第3話
エリクサーを手に入れた俺はこれで一攫千金! 毎日贅沢をして暮らせるぞ! ……と思ったのだが、よく考えたら、俺はエリクサーを売れるようなツテを持っていないことに気がついた。
……はぁ。仕方ない。それはゆっくり探していくか。
信頼できないところに売ろうとして、買い叩かれたり、力ずくで奪われたりしたら嫌だもんな。
……残念なことに、所詮Cランク冒険者の俺じゃあ、そんなことになっても抵抗できないだろうし。
「取り敢えず、俺は君の面倒を見ることになったわけだから、名前、聞いてもいいかな?」
自然に敬語を外しつつ、俺はそう聞いた。
これから世話をするってなったんだったら、敬語なんて使わない方が楽だからな。
もちろん、この子が敬語を使えって言うなら、ちゃんと敬語を使う気だけど。
エリクサーをくれた相手なんだからな。それくらいは当然だ。
「シアラ」
「……呼び捨てでいい?」
「ん」
エルフの少女……シアラが俺の腕の中で頷いてくれたのを確認した俺は、思わず安堵の溜息をつきそうになった。
だって、普通にこれから暫くはシアラと一緒に居て、世話? をしなくちゃならないみたいだし、敬語のままっていうのは、普通に接しずらいからな。
これがこの世界に来る前だったら全然良かったんだけど、この世界での俺は弱いなりに好き勝手に生きてるし、嫌な人とは関わらないように生きてきたから、そうやって誰かに気を使って生きるのは苦手になってしまってるんだよ。
だからこそ、シアラがそういうのを気にしない奴で良かったと安堵してしまうのは当然のことだと思う。

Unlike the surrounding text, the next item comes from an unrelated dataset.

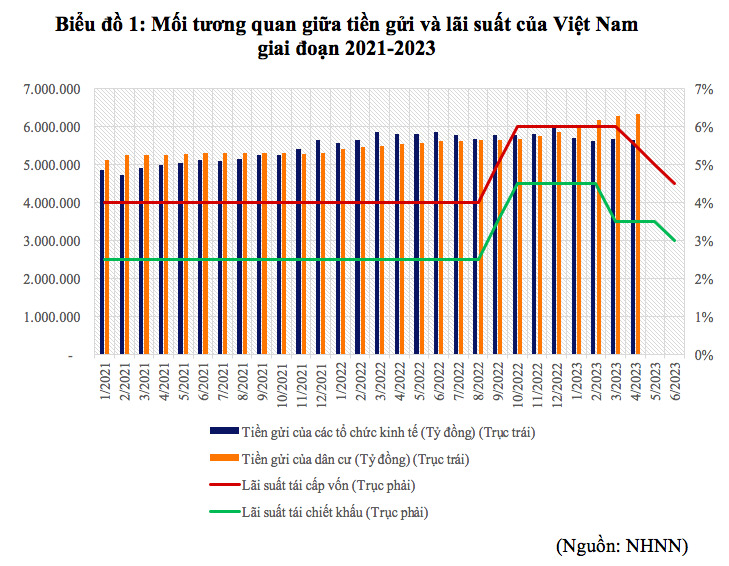 Một góc nhìn về hiện tượng tiền gửi ngân hàng tăng cao - Ảnh 2.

ちょうど俺がそんなことを考えていたところで、くぅ〜、とシアラの随分と可愛らしいお腹の音が聞こえてきた。
「お腹空いた」
女の子なんだし、もうちょっと恥ずかしそうな様子を見せてもいいものだと思うけど、シアラは全くそんな様子を見せることなく、そう言ってきた。

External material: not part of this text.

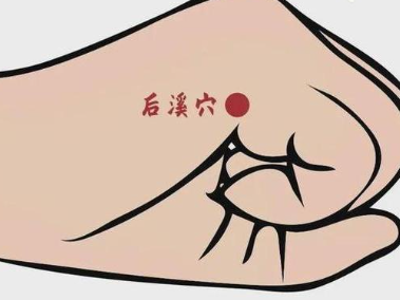 揉2个穴位+1个小习惯，缓解肩颈腰不适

「食事は俺がこなしてきた依頼の報酬を受け取ってからで大丈夫か?」
「ん」
自分で言ってて思ったけど、俺、このままシアラのことを抱えたまま冒険者ギルドに戻るのか?
……Cランク冒険者にもなったし、流石に絡まれたりはしない、か?
「……ち、ちょっと待て。今、何を飲んだんだ?」
俺がこのままギルドに行くことを内心で少しだけ心配に思っていると、突然シアラがエリクサーを出した時のようにまた何らかのポーション? を明らかにそのポケットには入り切らないだろうという感じのポケットから取り出したかと思うと、それを一気に飲み干していたのを確認した俺は、思わず困惑したようにそう言った。
「これはエリクサーじゃないよ? 普通のポーション。足と体が痛かったから」
「………………最初からそれを飲んでたら、普通に自分でここまで歩けたんじゃないのか?」
「リョウに運ばれるの、気持ちよかった。このまま運んで?」
表情を一切変えることなく、シアラはそう言ってきた。
気持ちよかったって……あれか? 子供の頃、うとうととした状態で親にベッドに運んでもらう時みたいな感覚だったりするのか? それなら、何となく理解できるな。
……そういえば、俺の親は元気にしてるのかな。……俺が死んで、どう思ったんだろうな。
「分かったよ」
前世の年齢と重ねるともういい歳だというのに、ホームシックにかかりそうになってしまった俺は少しだけ首を横に振り、シアラに肯定の返事をした。
本当は自分で歩いて欲しいけど、シアラにはエリクサーを貰ったという恩があるからな。
これくらい、お易い御用だ。
……とはいえ、このままギルドに行くということに対しての不安が無くなった訳では無いんだけどな。
なんなら、山からずっとシアラを抱えて歩いてるし、結構腕が限界に近かったりするんだけど……いや、まぁそれは大丈夫か。
依頼の報酬さえ受け取ったら、直ぐに飯屋に行ってシアラのことを下ろすつもりだからな。